- **Work required**: Please copy, word for word, the line holding "energieopwek cumulatief november" and each line that follows it through the end of the entries, omitting any pictures.

- **Dataset content**:
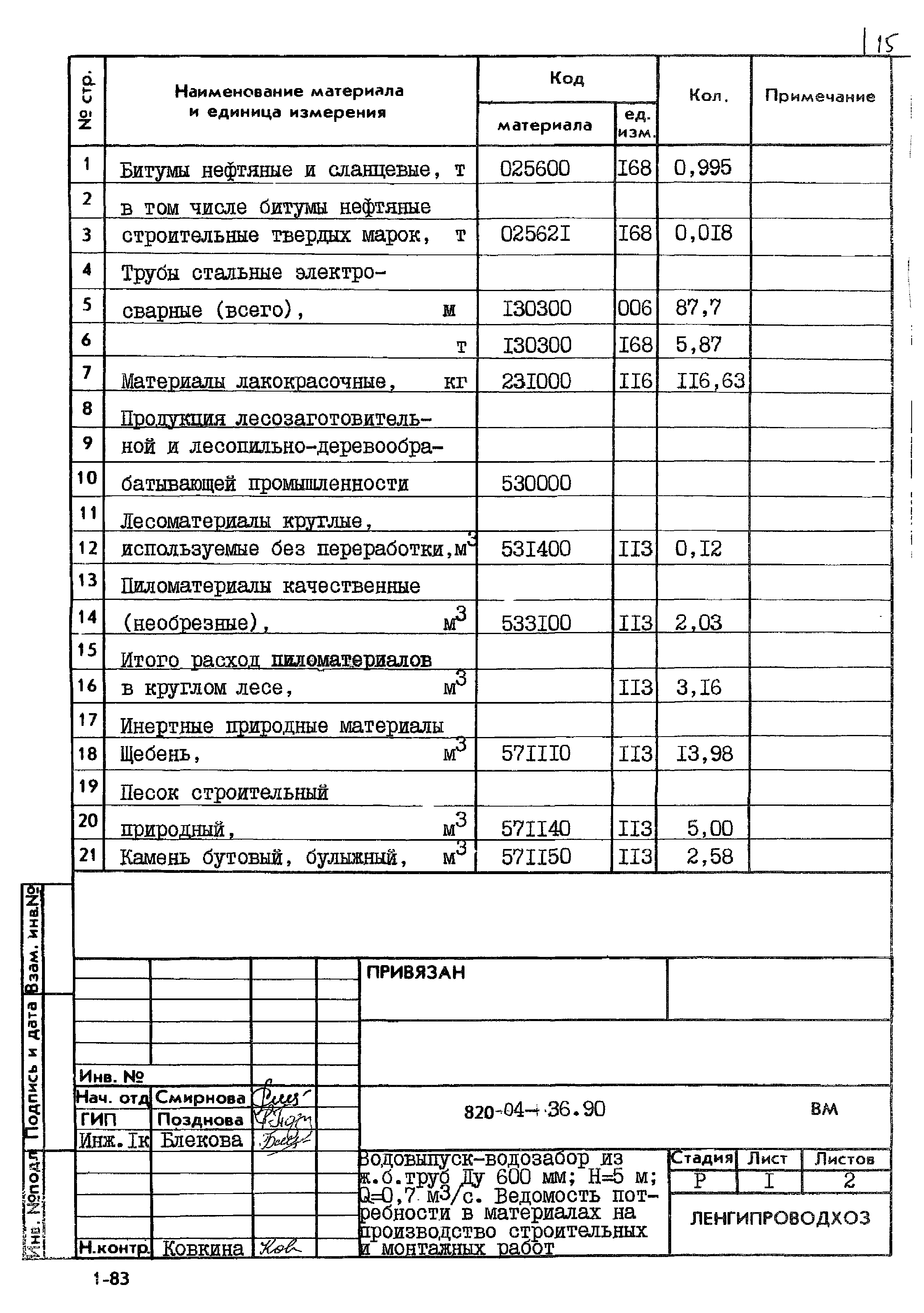 Типовые материалы для проектирования 820-04-36.90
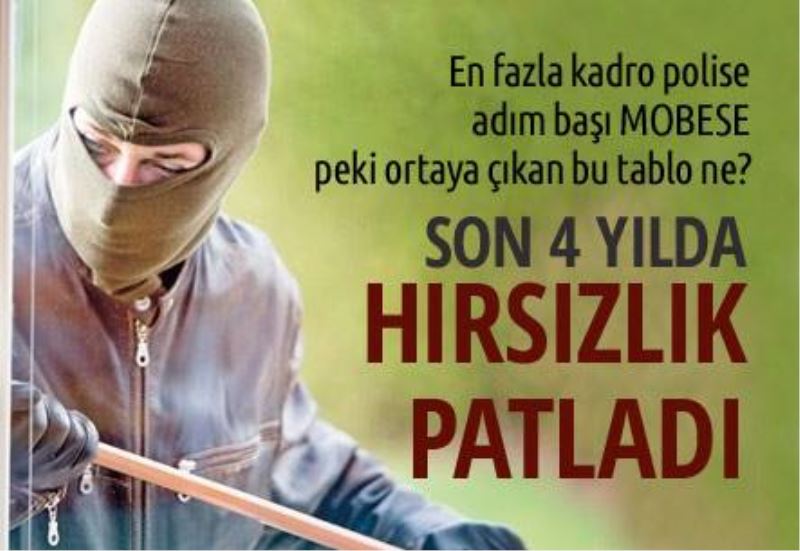 Hirsizlik son 4 yilda yüzde 63 artti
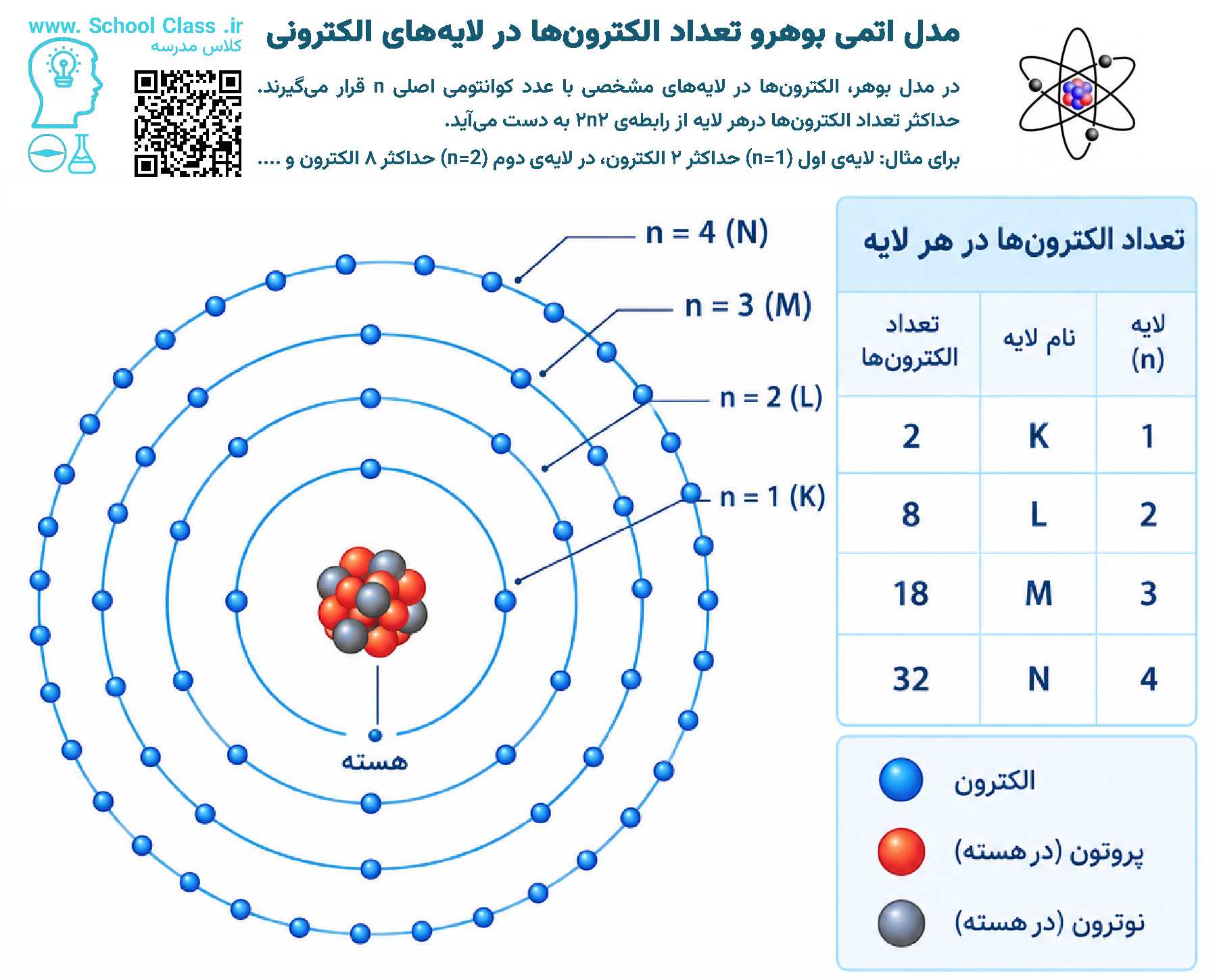 مدل اتمی بور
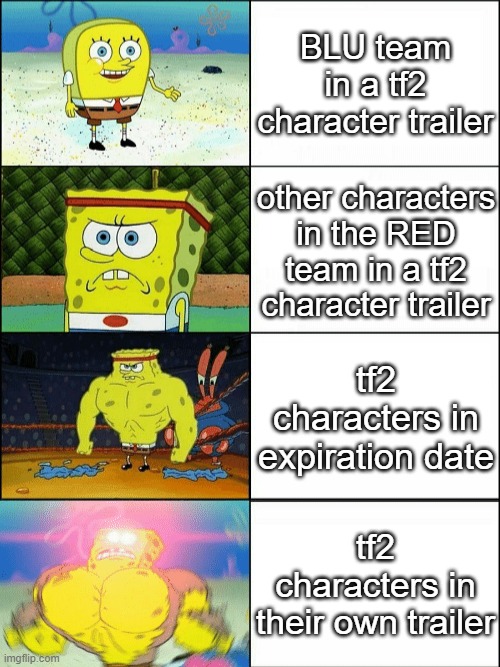 tf2 meme because idk | BLU team in a tf2 character trailer; other characters in the RED team in a tf2 character trailer; tf2 characters in expiration date; tf2 characters in their own trailer | image tagged in increasingly buff spongebob | made w/ Imgflip meme maker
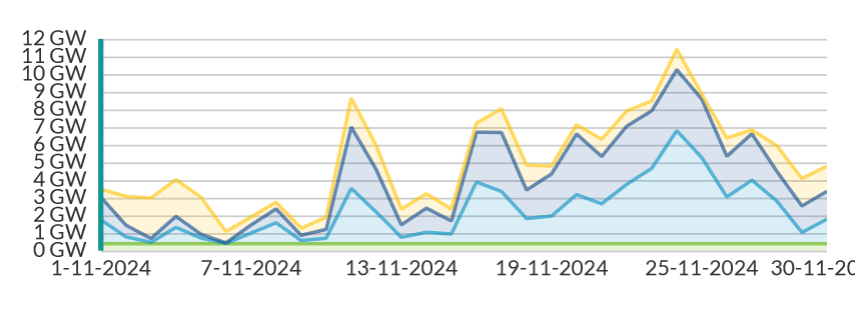 energieopwek cumulatief november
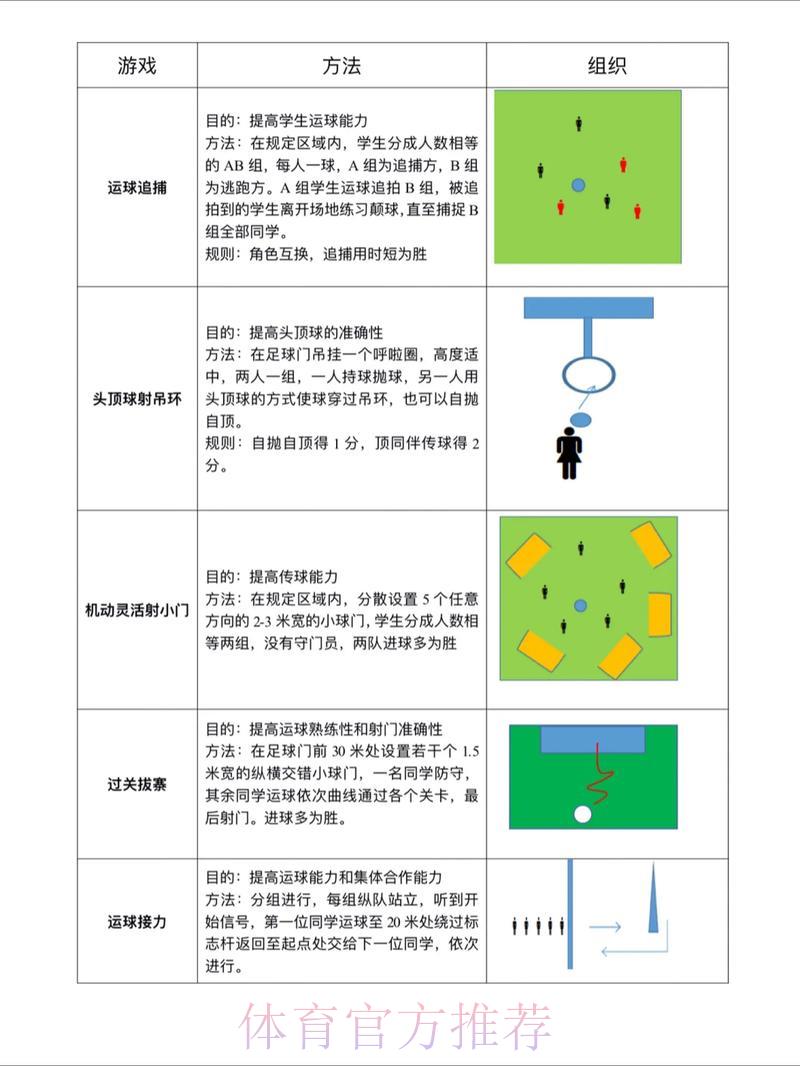 世界杯滚球大小球玩法全攻略：技巧解析与实战经验分享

- **Answer below**:
 energieopwek cumulatief november
 世界杯滚球大小球玩法全攻略：技巧解析与实战经验分享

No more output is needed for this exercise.